**Assigned task**
In the records below, the part to copy starts at the line containing "Andy Murray, of" and goes to the last line; output it exactly, without pictures.

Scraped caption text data
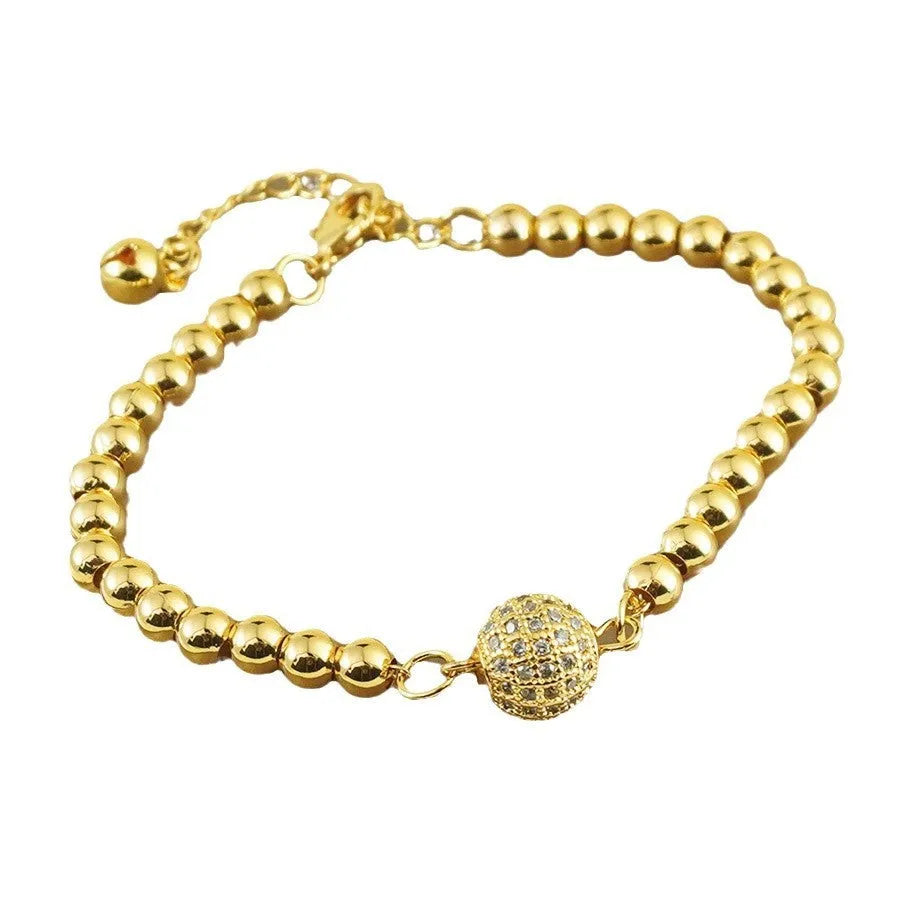 Arabic style women's copper bracelet with heart-shaped pendant featuring single zircon stone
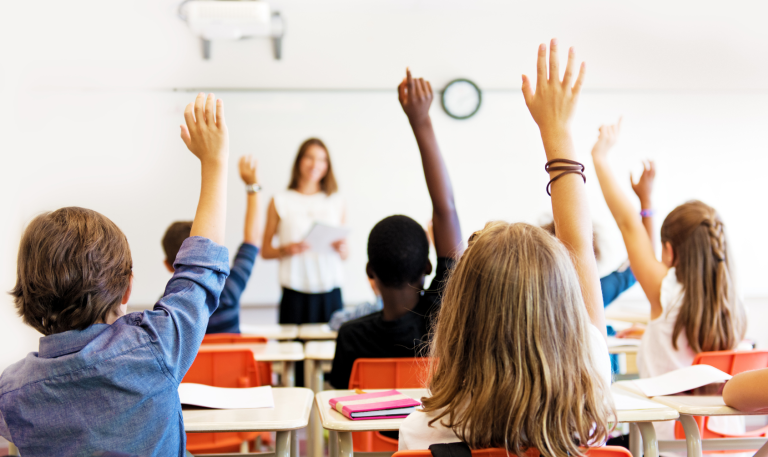 Children with raised hands in classroom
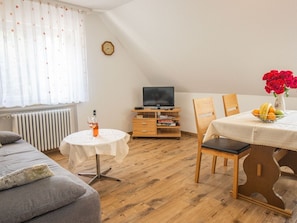 Ein gemütliches Zimmer mit einer Couch, einem Esstisch mit Stühlen, einem Fernseher auf einem Holzgestell, einem kleinen runden Tisch mit Flasche und Glas sowie einem Heizkörper.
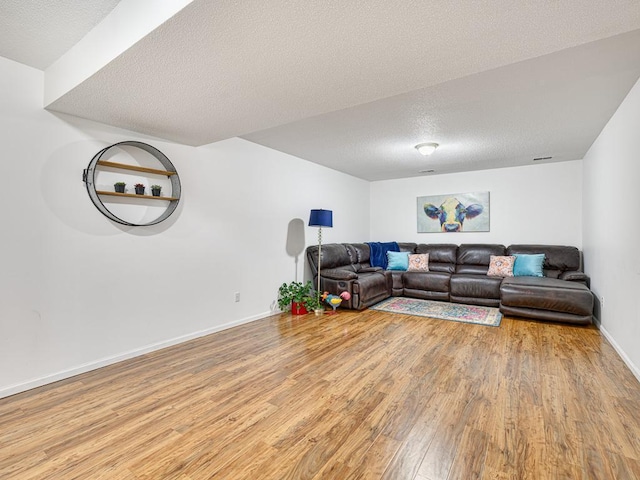 living area with light wood-style flooring, a textured ceiling, and baseboards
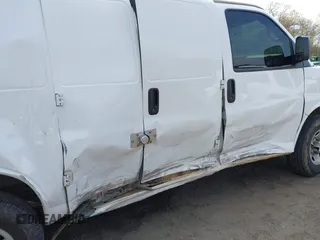 2014 Chevrolet Express Cargo Van with VIN 1GCWGFCA7E1110011, listed as a IAAI auction lot 41983301 with 114,827 mi miles. Bid and sale history available at carsss.com. Image 6.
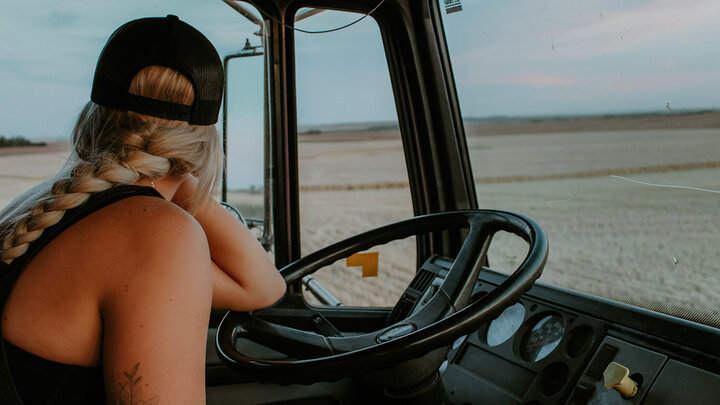 Woman with a blonde braid and black cap sitting in a vehicle, gazing at a vast field landscape.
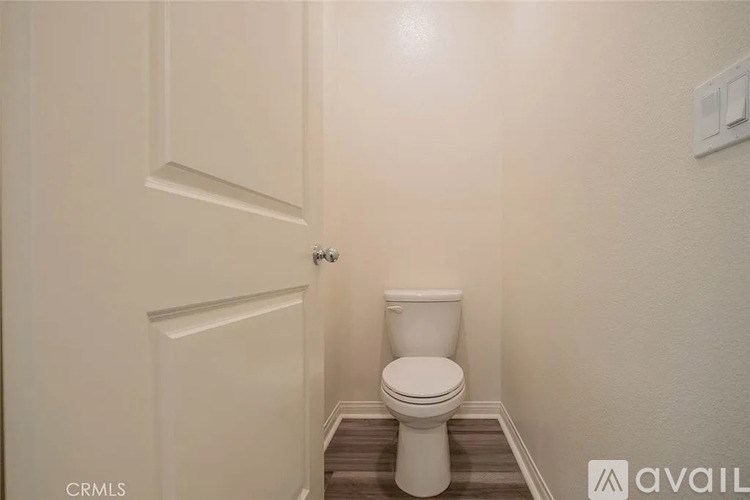 A white toilet in a small bathroom with a door and a light switch.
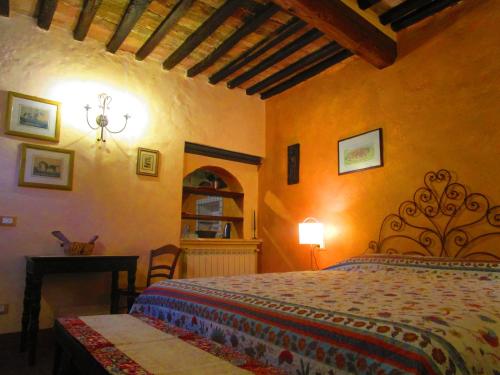 1 dormitorio con 1 cama y 1 mesa en una habitación en Il Mandorlo di Monteriggioni en Monteriggioni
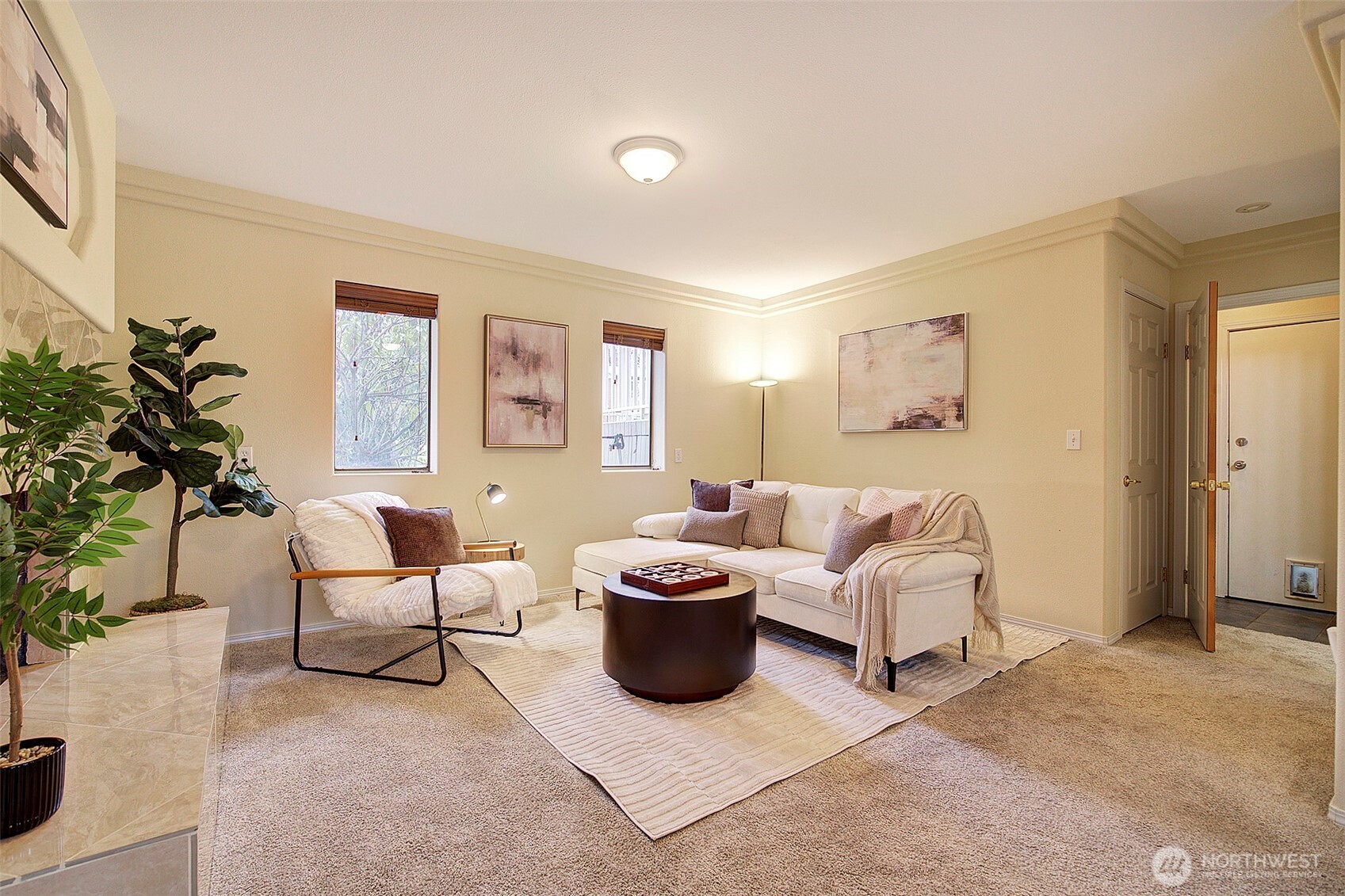 26229 197th Place Southeast Covington, WA 98042 - Photo 25 of 39 a living room with furniture and a potted plant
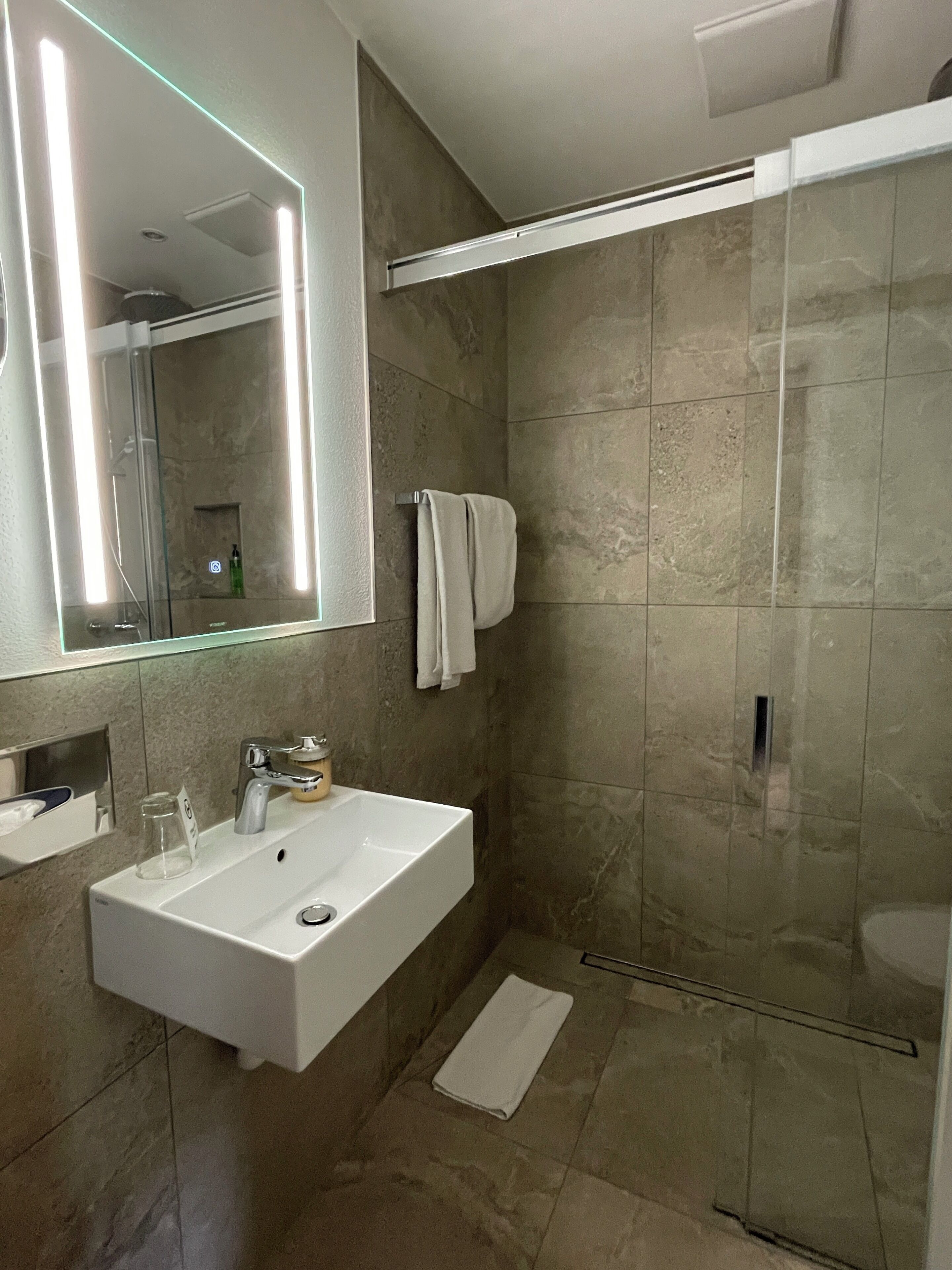 A bathroom with a white sink, mirror, and shower.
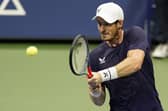 Andy Murray, of Great Britain, returns a shot to Felix Auger-Aliassime, of Canada, during the third round of the U.S. Open tennis championships, Thursday, Sept. 3, 2020, in New York. (AP Photo/Frank Franklin II)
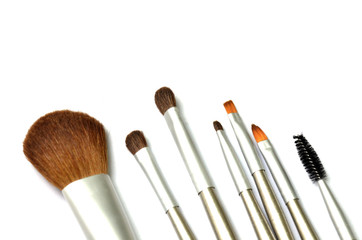 Multi-colored brushes with white background image.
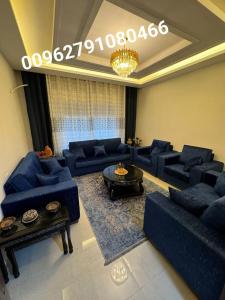 a living room with blue couches and a chandelier at طبربور in Amman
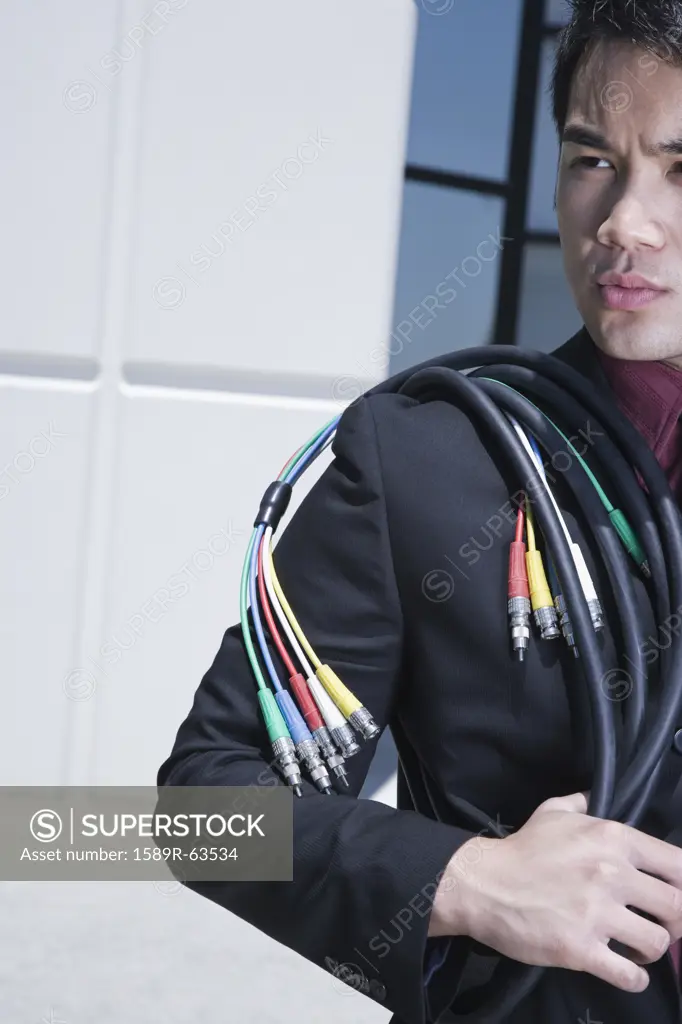 Asian businessman holding computer cable outdoors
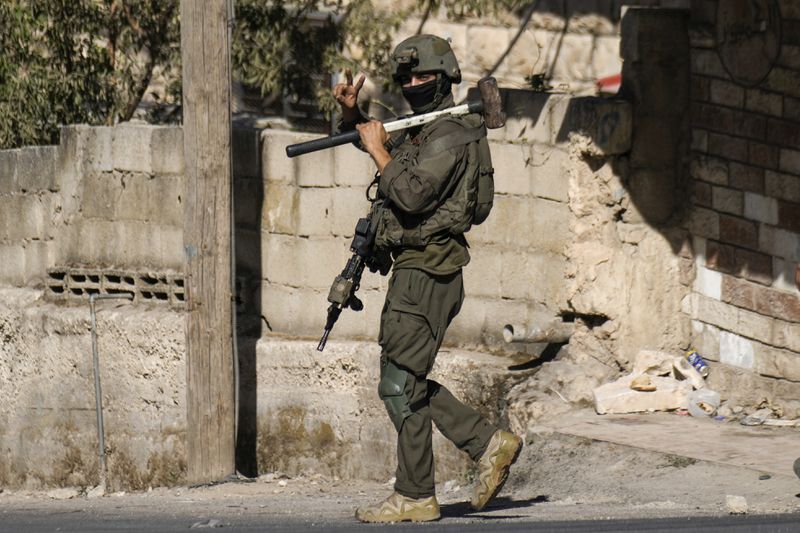 An Israeli soldier flashes a V-sign to photographers during an army raid in Tubas, West Bank, on Wednesday, Sept. 11, 2024. (AP Photo/Majdi Mohammed)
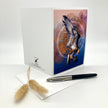 A white greeting card with a colorful illustration of a bird of prey in flight, displayed upright with an envelope and a black pen on a white surface. The card features a white left panel with a small black logo and text, and a vibrant right panel with a blue, purple, and orange background and a detailed bird design.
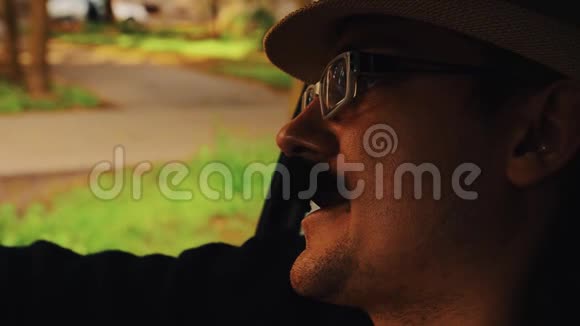 戴着胡子戴着帽子的人戴着眼镜坐在车里唱歌仿写希普斯特视频的预览图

**Response to the exercise**
 Andy Murray, of Great Britain, returns a shot to Felix Auger-Aliassime, of Canada, during the third round of the U.S. Open tennis championships, Thursday, Sept. 3, 2020, in New York. (AP Photo/Frank Franklin II)
 Multi-colored brushes with white background image.
 a living room with blue couches and a chandelier at طبربور in Amman
 Asian businessman holding computer cable outdoors
 An Israeli soldier flashes a V-sign to photographers during an army raid in Tubas, West Bank, on Wednesday, Sept. 11, 2024. (AP Photo/Majdi Mohammed)
 A white greeting card with a colorful illustration of a bird of prey in flight, displayed upright with an envelope and a black pen on a white surface. The card features a white left panel with a small black logo and text, and a vibrant right panel with a blue, purple, and orange background and a detailed bird design.
 戴着胡子戴着帽子的人戴着眼镜坐在车里唱歌仿写希普斯特视频的预览图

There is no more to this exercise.